(The data begins)

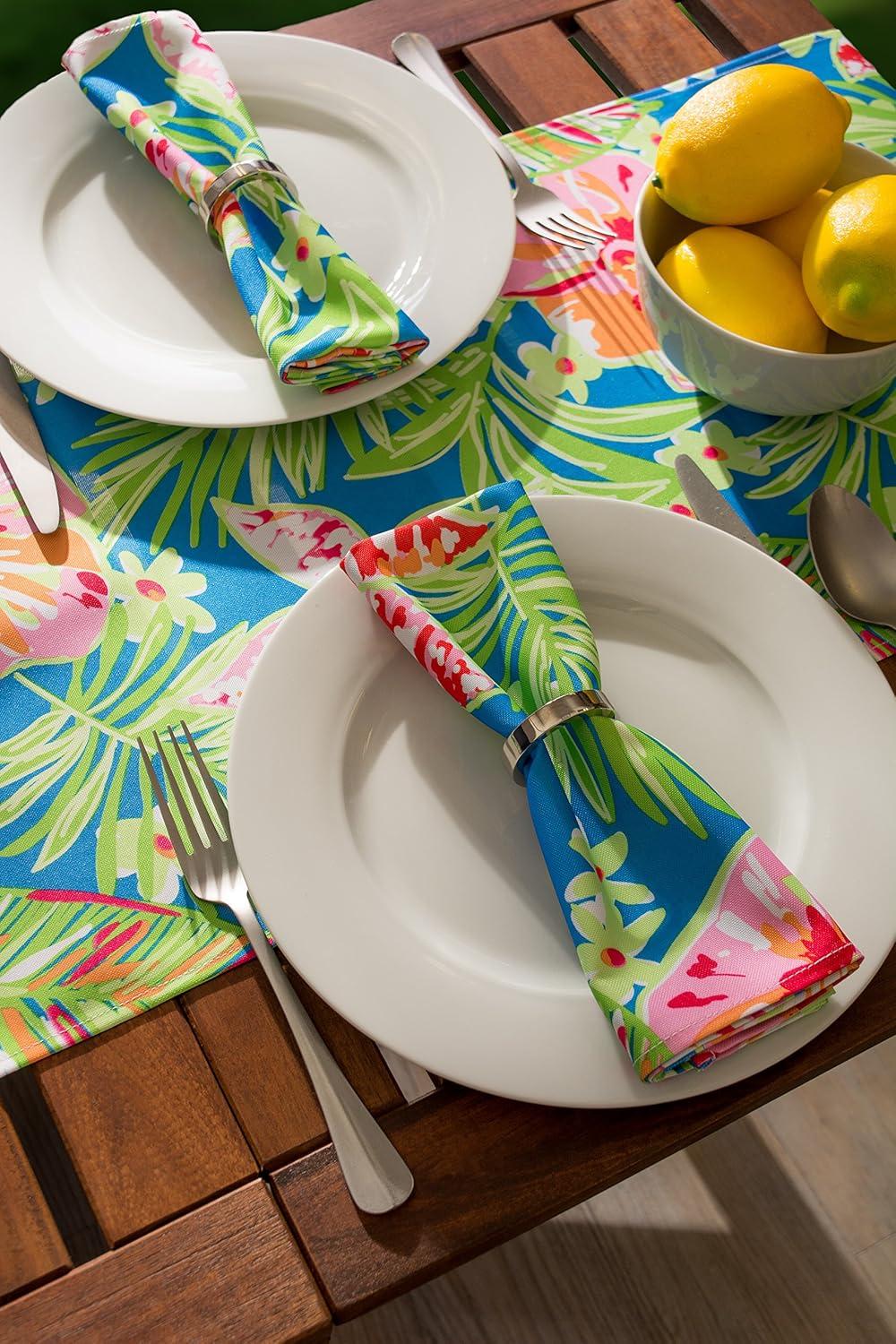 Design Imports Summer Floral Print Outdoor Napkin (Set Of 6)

(The data ends)
(The data begins)

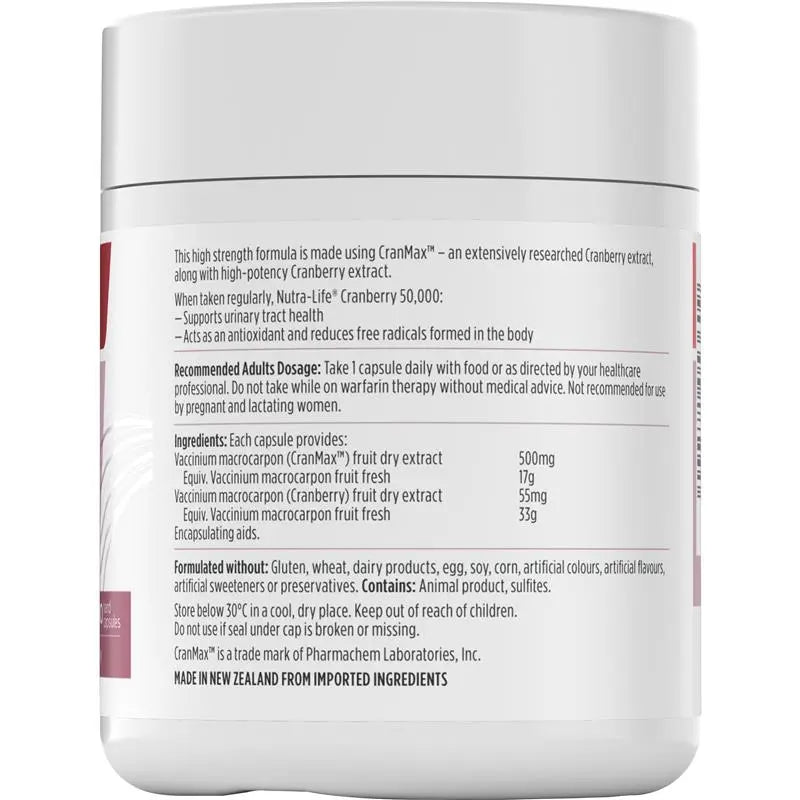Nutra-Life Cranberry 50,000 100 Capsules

(The data ends)
(The data begins)

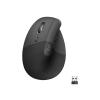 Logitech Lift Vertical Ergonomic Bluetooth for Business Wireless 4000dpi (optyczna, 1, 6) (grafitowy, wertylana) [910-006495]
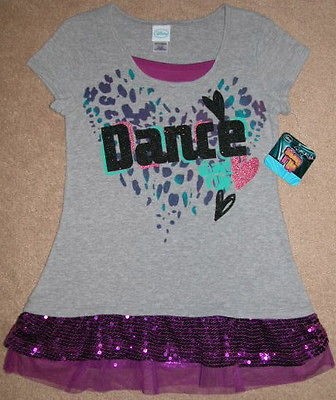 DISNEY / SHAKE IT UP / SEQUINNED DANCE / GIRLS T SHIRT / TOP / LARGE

(The data ends)

* Exercise goal:
Reproduce the lines above starting at the one with "Logitech Lift Vertical" and ending at the one with "DISNEY / SHAKE", both included, exactly and with no pictures.

* Response:
 Logitech Lift Vertical Ergonomic Bluetooth for Business Wireless 4000dpi (optyczna, 1, 6) (grafitowy, wertylana) [910-006495]
 DISNEY / SHAKE IT UP / SEQUINNED DANCE / GIRLS T SHIRT / TOP / LARGE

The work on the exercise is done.